Cervical Cancer

Commentary: Detection of cervical intraepithelial
neoplasia in developing countries

The Lancet, Volume 353, Number 9156, 13 March 1999

The Lancet Journal Article

Permission to reprint this commentary granted by The Lancet

By H C Kitchener, P Symonds

Academic Division of Obstetrics and Gynaecology and Reproductive Healthcare, University of Manchester, Manchester M13 0JH, UK; Department of Clinical Oncology, University of Leicester, Leicester

Cervical cancer is both a preventable and a curable disease--preventable by cervical screening and curable, especially if identified at an early stage. In developing countries, which lack screening programmes, the incidence may be up to six times higher than in developed countries, with up to 80% of patients presenting with advanced disease. The number of deaths from cervical cancer is estimated to be more than 300 000 per year, and many of those who die are young mothers. Mortality is highest in those countries least equipped to deal with the problem. But the reduction of cervical cancer mortality in the developing world is only one of many priorities competing for scarce funds.

The current WHO recommendation is to evaluate visual inspection to identify early curable cancer.1 A preventive strategy is more constructive, but screening by cytology is too complex and expensive.

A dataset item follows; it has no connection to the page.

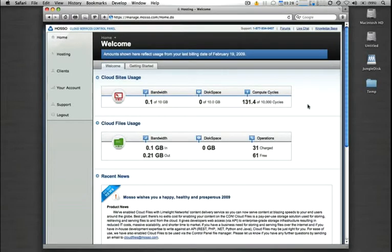Setting up new client hosting plans in the CloudSites control panel only takes a few clicks. Let's go ahead and take a look.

Unaided visual inspection has been assessed in four studies from India (table) and has been shown to have a very low positive predictive value (PPV). Application of acetic acid (3-5%) to the cervix is a routine part of colposcopy, and it turns CIN tissue white, which should enable the detection of preinvasive lesions by the naked eye. An assessment of visual inspection aided by acetic acid (VIA) is reported by Z M Chirenje and colleagues in this issue of The Lancet.

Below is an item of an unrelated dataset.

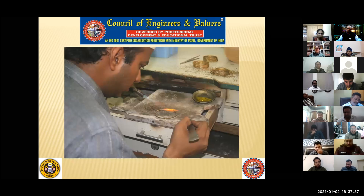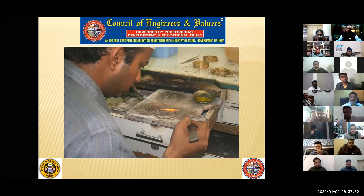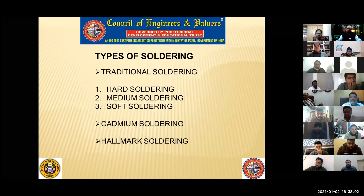This is the soldering step. How to use the flux — the theory part has already been given. For evaluation purposes, check whether there is more or less soldering. Apart from this, note how much soldering has been done. Types of soldering: traditional soldering, cadmium soldering, and hallmark soldering. There are also subcategories: hard soldering, medium soldering, and soft soldering.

In this study done in Zimbabwe, 10 934 women were screened by trained paramedical workers, by VIA and by exfoliative cervical cytology. Women with abnormal results by either test underwent colposcopy. To find out the true sensitivity, specificity, and PPV for high-grade CIN, in the second phase of the study 2203 women underwent colposcopy irrespective of findings on VIA or exfoliative cytology. The completion of such a controlled study in an undeveloped setting is a substantial achievement, which provides an important contribution to the assessment of this approach. The main findings of the study were that VIA was abnormal in about 20% of women, and it had a PPV of 25·9%. Its detection rate for CIN was similar to that for cytology. The second phase of the study showed that VIA was more sensitive (76·7%) than cytology, but the PPV for the detection of high-grade disease was only 18·6%. The relatively poor specificity of VIA (64·1%) compared with cytology (90·6%) may have been affected by the very high rate of sexually transmitted disease.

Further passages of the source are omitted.